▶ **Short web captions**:

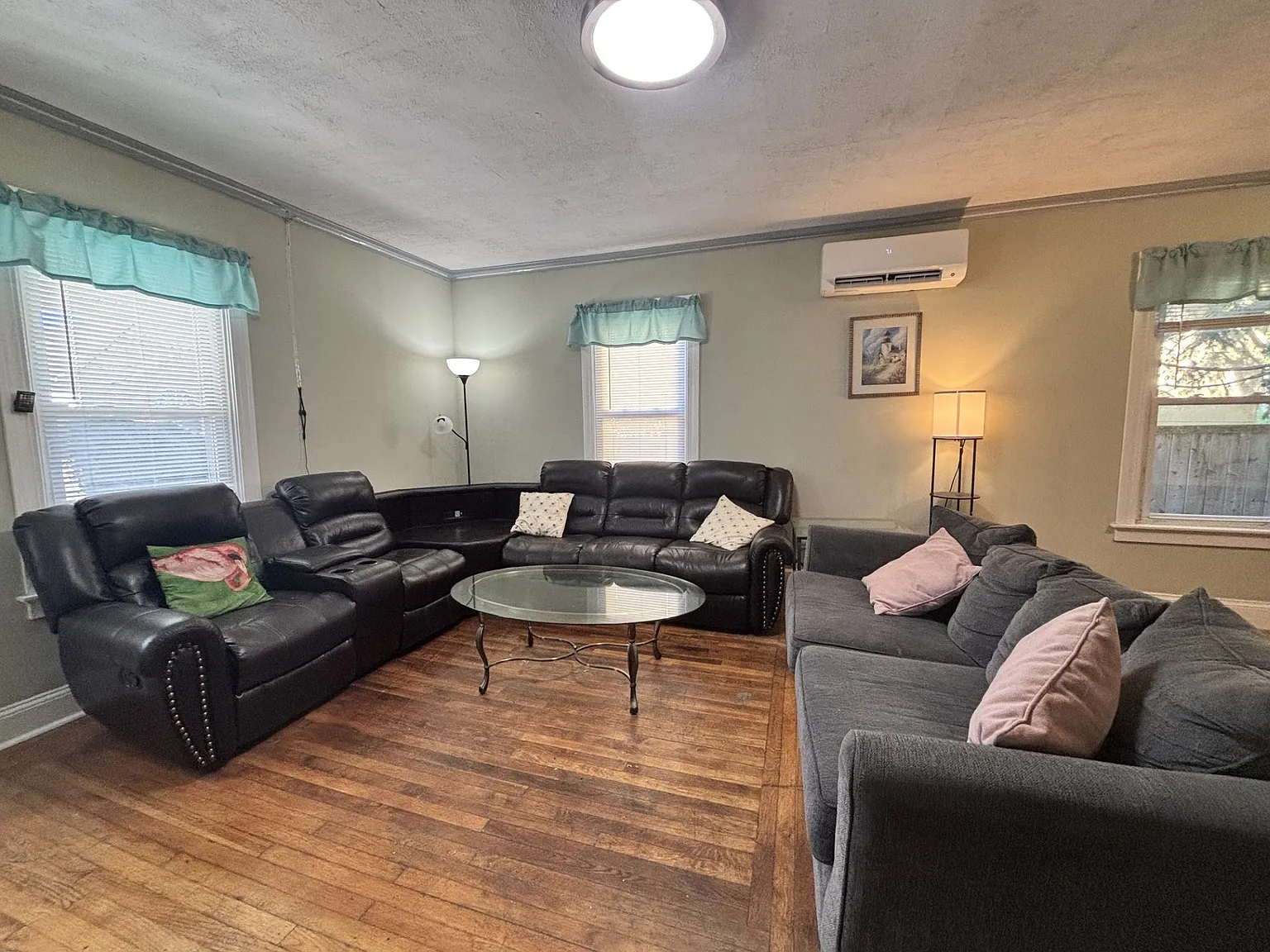 3 bed, 1080 sqft, $2,400 — Photo 4
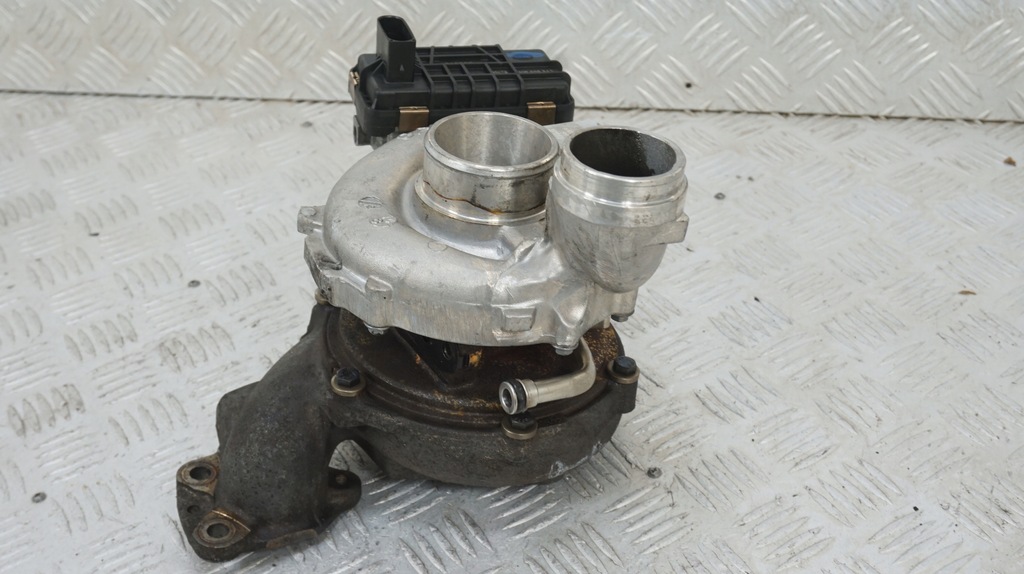 Mercedes 3.0 350CDI turbina A6420902486 Product image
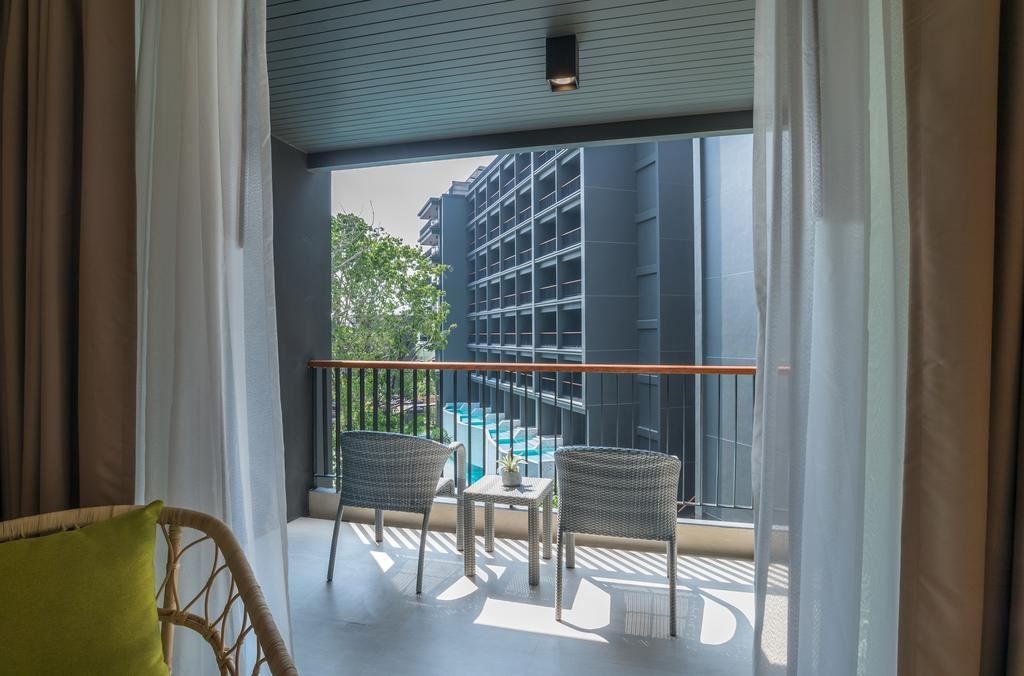 rooms-deluxe-pool-view-room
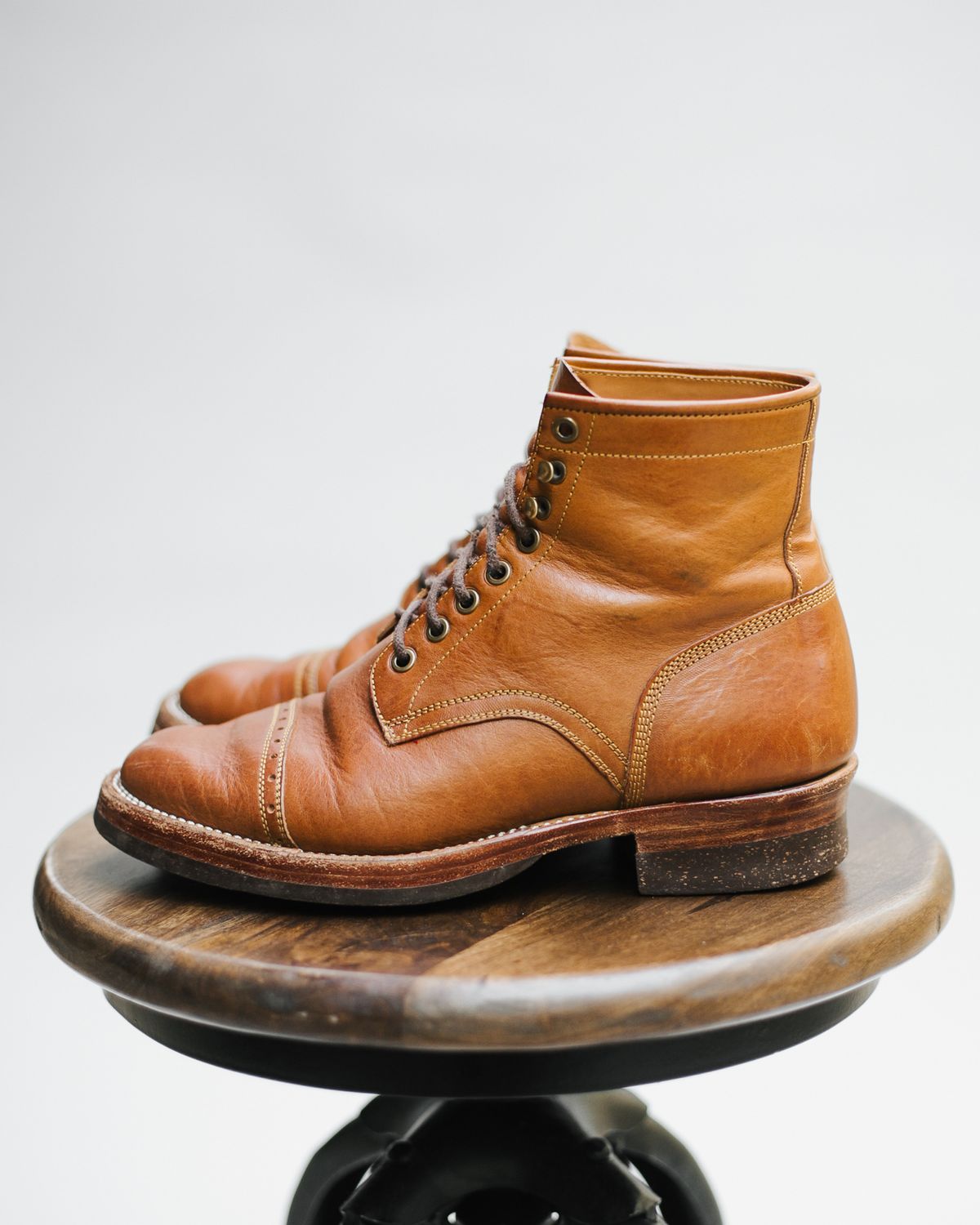 Photo by bsschneid89 on April 6, 2023 of the Benzein Kanon Brogue Cap Toe Boot in Badalassi Carlo Cognac Minerva.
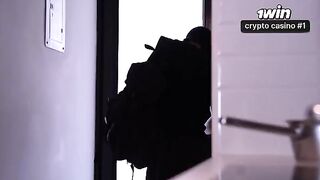 A woman with a huge ass is being robbed, but she doesn’t care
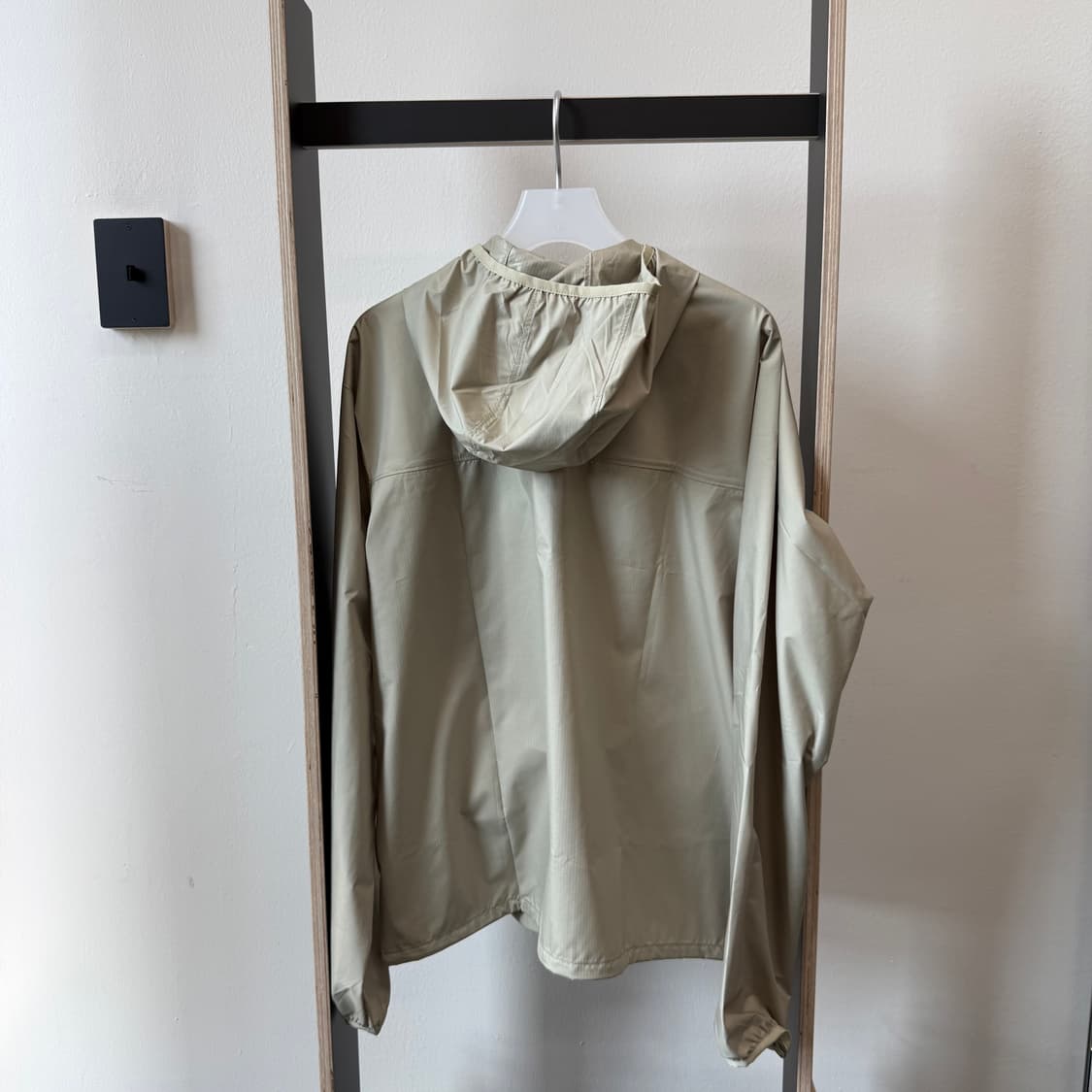 파타고니아 라이트 배리어블 자켓 웨더드 스톤  상품이미지3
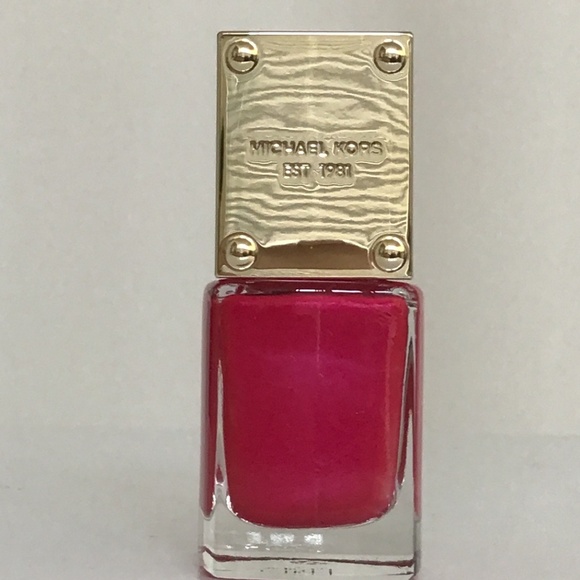 Michael Kors Nail polish (Scandal) - Picture 5 of 5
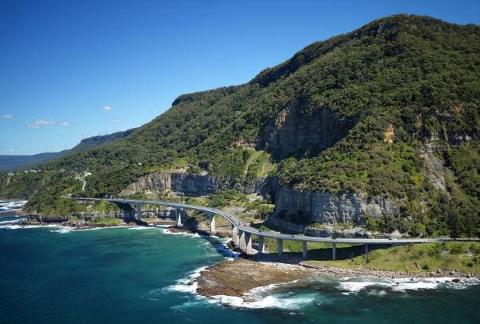 largeImageSrc.adapt.600.medium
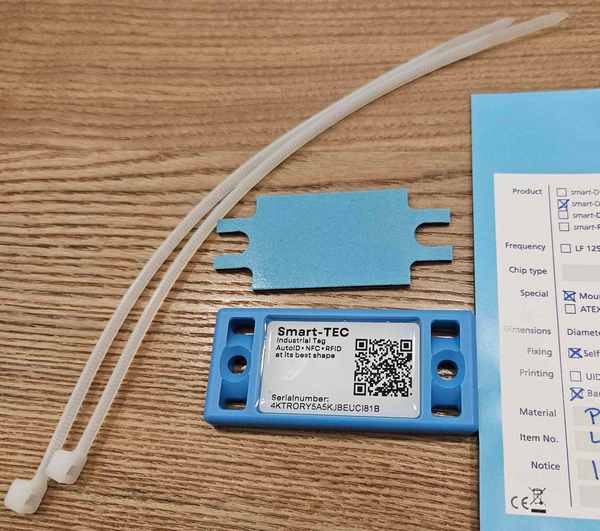 ��������� RFID-����� ��� ������������� ������������ � ������������� ��������. ����� �������������� ��� ������������������ ��������������, �����, ���������������� � ������� � �������� ���������� �� ������� ����� Data Matrix ��� QR-���.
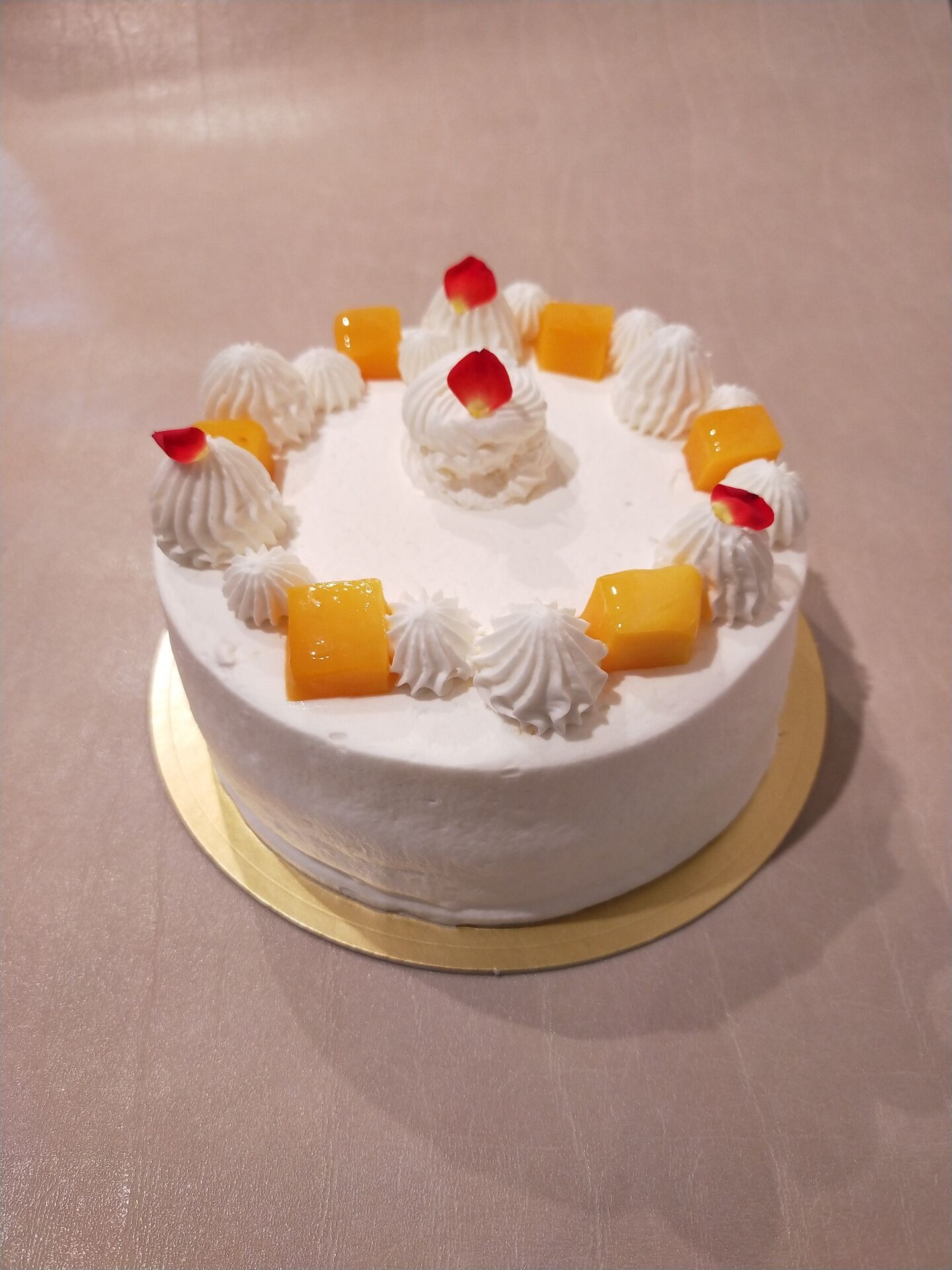 ホールケーキ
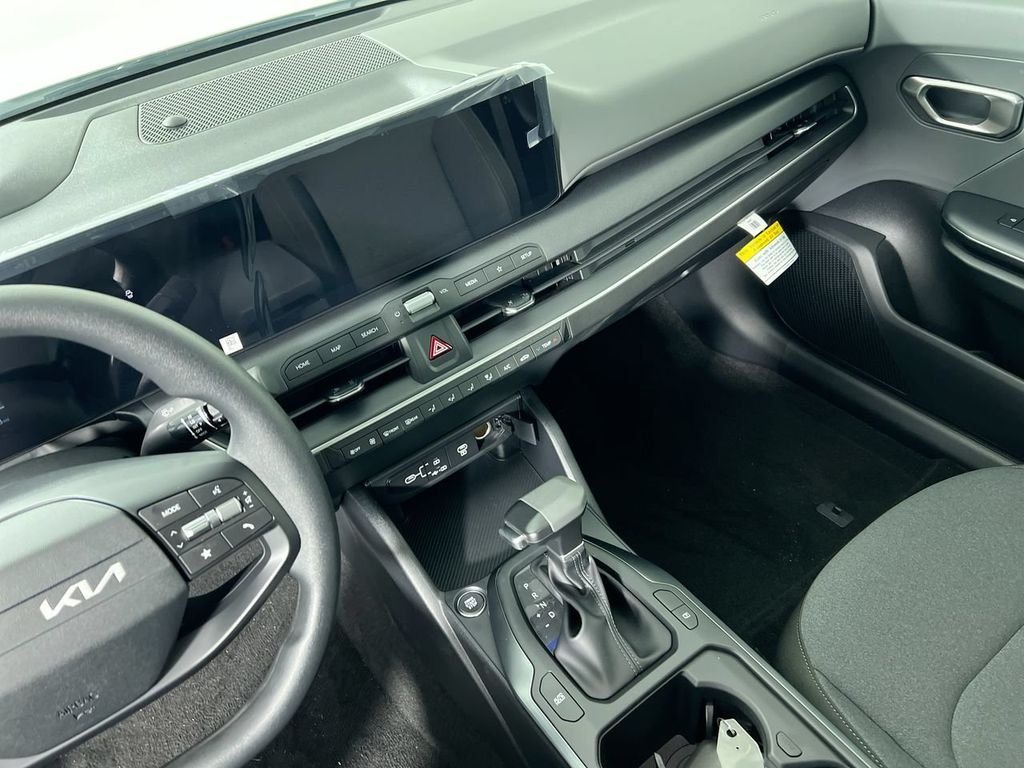New 2026 Snow White Pearl Kia LXS image 23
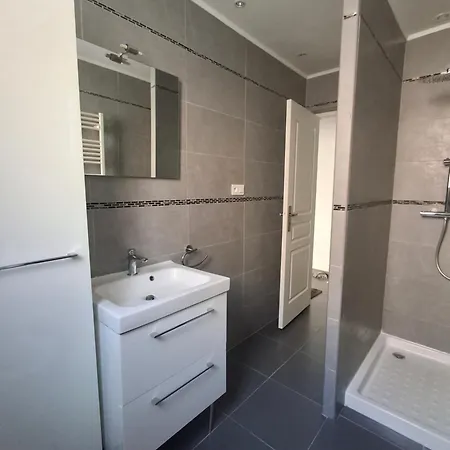 Joli T1 Bis - Centre *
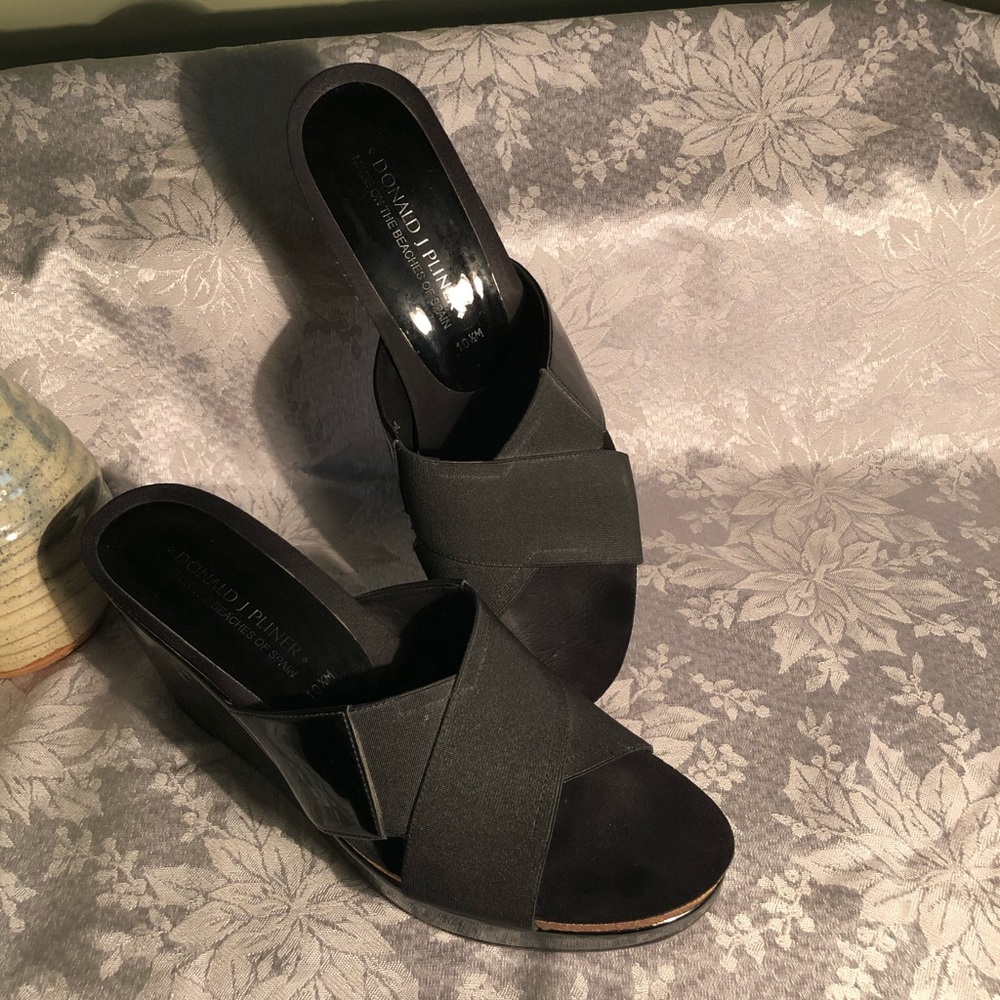 Donald Pliner Sandals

▶ **EXERCISE OBJECTIVE**: Retype, without any picture, exactly the lines from the one with "Matrix ��� QR-���." through the end of the entries, inclusive.

▶ **SOLUTION FOR THIS EXERCISE**:
 ��������� RFID-����� ��� ������������� ������������ � ������������� ��������. ����� �������������� ��� ������������������ ��������������, �����, ���������������� � ������� � �������� ���������� �� ������� ����� Data Matrix ��� QR-���.
 ホールケーキ
New 2026 Snow White Pearl Kia LXS image 23
 Joli T1 Bis - Centre *
 Donald Pliner Sandals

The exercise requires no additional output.